First of all, I’d like to note complete lack of cooperation from Baidu. Back in the day when they just bought On2 and presented VP8 people asked them to release VP7 as open source. To which they replied that their developers are working on adding new features to the codec and they don’t have time to locate the old sources. Even better, we have managed to find VP6 and VP7 specification on some Chinese site and Baidu people could not even bother to release that. As it was said in certain series of games, press <F>+<U>
to pay respect.
Well, maybe they were too ashamed of it because it looks like half-finished VP8 specification without source code in the appendix. It has the same passages written by Captain Obvious like this passage:
A reasonable “divide and conquer” approach to implementation of a decoder is to begin by decoding streams composed exclusively of key frames. After that works reliably, interframe handling can be added more easily than if complete functionality were attempted immediately.
And very informative things like:
const Prob kfUVmodeProb [numUVmodes - 1] = { ??, ??, ??};
Nevertheless, it was my primary source along with the binary specification which obviously has all those missing tables, pieces of code and more.
So let’s move to overall VP7 description. VP7 is Duck rip-off of H.264: the same coding method as used in VP5 and VP6 (to the point where I could reuse bits for decoding coefficients and motion vectors from my VP5/6 decoder) with overall structure of H.264 (4×4 blocks clustered into 16×16 macroblocks, optional separate 4×4 block for luma DCs, spatial prediction and such). It’s funny that if you consider how it does certain things then VP8 looks like a very minor improvement on VP7 (fixed probabilities are internally calculated from the fixed tree weights, golden frame can be partially updated after decoding a frame and other details). Another fun fact is that VP7 decoder recognizes three FOURCCs—VP70
, VP71
and ONYX
(and you can still see onyxc_int.h
in libaom
). VP71
is claimed to be error-resilient profile and it has some small changes in frame header and it can signal to preserve scan order and some frequencies (that cannot be changed regardless) and restore them after the frame has been decoded.

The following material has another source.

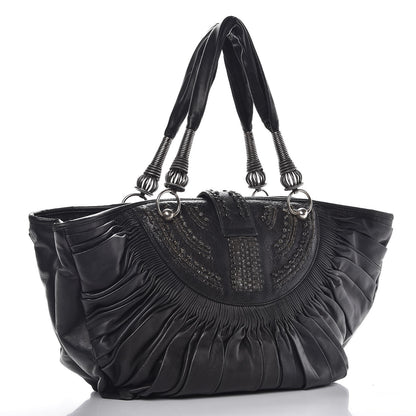 Christian Dior Lambskin Plisse Pleated Basket Tote Bag Black 3 of 14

The nastiest part there is so-called macroblock features: if they are enabled then each macroblock can have something in its decoding process altered. First feature forces decoder to use different quantiser for current macroblock, second one tells decoder to use different loop filter strength, third one tells decoder to update golden frame with this macroblock and the last feature tells decoder to reconstruct macroblock in weird way. There are two parts there: residue reconstruction (i.e. how to apply reconstructed 4×4 blocks to the macroblock) and motion prediction. Residue reconstruction has four modes: normal, interlaced, very interlaced (i.e. using every fourth line instead every second one) and koda extremely interlaced (each 4×4 subblock is treated as 16×1 line instead). Motion prediction has all these modes and also warped motion (when you copy not from a rectangle but rather from a parallelogram with 45-degree angle). I can understand many things but “copy from a line like it’s a 4×4 block” is too much for me and thus I left it unimplemented (not that I have any samples for it either).
But other than that I have all features implemented (even though I don’t have samples to test them) and decoder produces recognizable picture so I’m happy with that and can move to other things as I stated in the beginning.

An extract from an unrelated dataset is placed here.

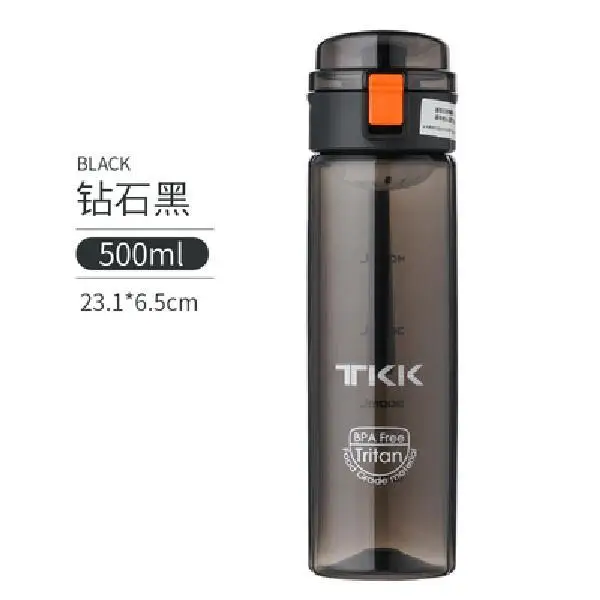 

TKK sports cup portable large capacity plastic tea cup adult fitness anti falling with scale tritan kettle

And in the unlikely case somebody reads this post and asks that question—no, I’m not going to implement VP8/VP9/AV1 decoder. Those are not Duck codecs and I’d rather reverse engineer some obscure codec instead.
I do not have time to read full post. Keep REing all obscure codecs except sheervideo!
I’ve REd SheerVideo once, that should be enough. But there may be still some third-party QuickTime codecs left to RE. That means I’ll have to add MOV demuxer eventually as well.
Yes, media101 codec and BeHereiVideo
All things must come to an end. Great job. Looking forward to you talk.